Upper house

LDP disagreements over candidates delay Upper House elections in some districts

Ahead of the House of Councilors election this summer, the ruling Liberal Democratic Party is experiencing delays in choosing candidates for some single-seat constituencies.

The Upper House districts are opposition strongholds that have caused disagreements between local LDP branches and the national headquarters.

It is unclear whether the LDP can essentially finalize candidates for the Upper House by the March 13 party convention, as the leadership wanted.

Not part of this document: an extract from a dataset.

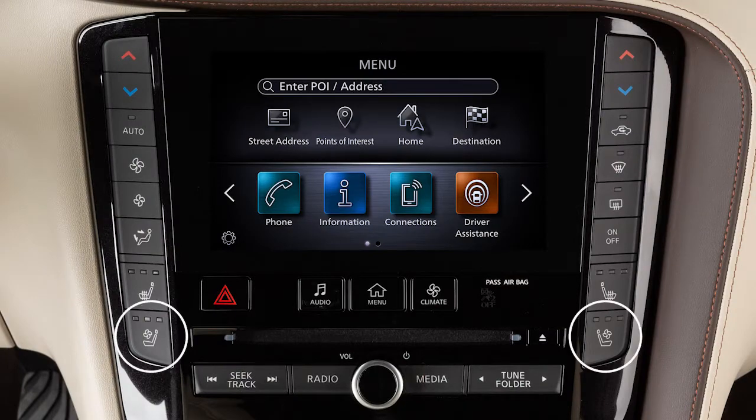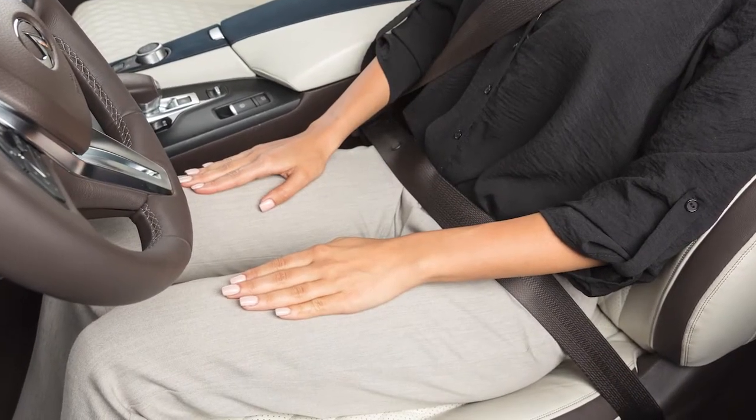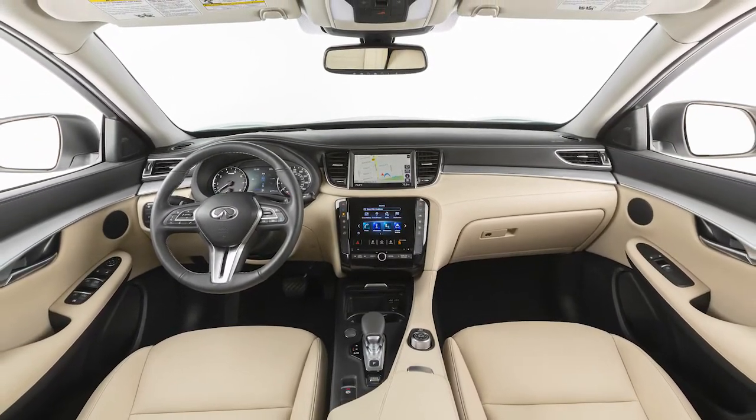The climate-controlled seat switches and heated seat switches are located here and are used to warm or cool the front seats. The front seats are cooled by blowing cool air from under the surface of the seat and warmed by a built-in heater.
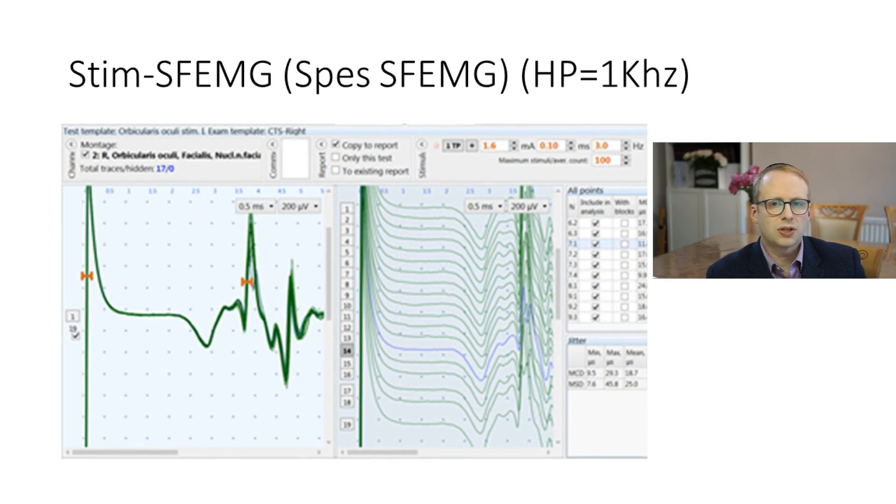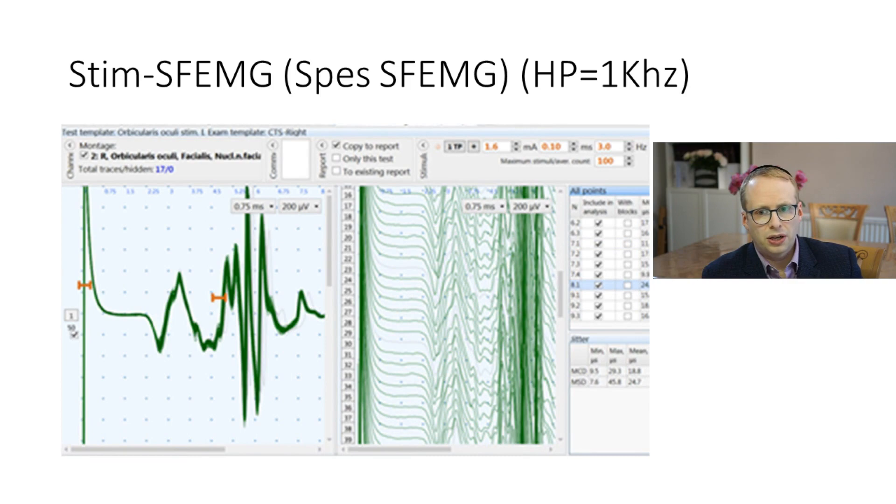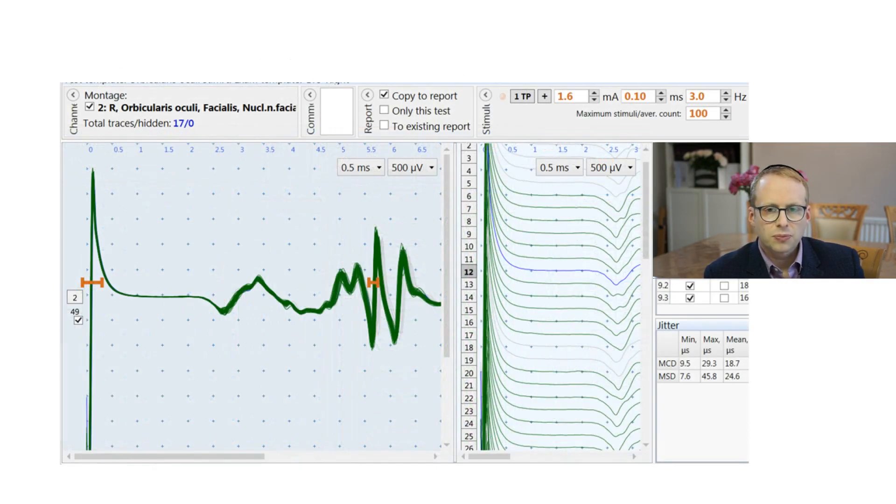What I ended up doing was actually increasing the high pass filter to one kilohertz, just as I would with the facial concentric needle electrodes. Almost immediately, one has a cleaner study that needs less processing thereafter. The next thing to say is probably one of the most obvious points: the amplitude is staggeringly larger than for the concentric needle electrodes — on the order of two to three millivolts in size. Contrasting that with the study published in the previous video, it's really important to get your recording zone very close to where the originating fibers are. If you don't have the recording zone right next to the originating fibers, one actually has a very significant drop down in amplitude.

There are a total of 32 single-seat constituencies in the Upper House across the country. The LDP has yet to decide which candidate it will formally support in the Upper House poll in seven: Aomori, Miyagi, Yamagata, Yamanashi, Nagano, Tottori-Shimane and Okinawa.

Delays in the candidate selection process were particularly evident in Okinawa, following a mayoral election in Nago city last month. With the term of Okinawa’s incumbent governor expiring in September, the process is also affected by the need to prepare for a gubernatorial election.

In Okinawa, the LDP headquarters is backing Atsushi Sakima, former mayor of Ginowan, as a potential candidate for the upper house, while the local is considering running him in the gubernatorial race. The local chapter failed to reach a conclusion during the talks on Saturday, which was joined by a PLD deputy elected in the prefecture.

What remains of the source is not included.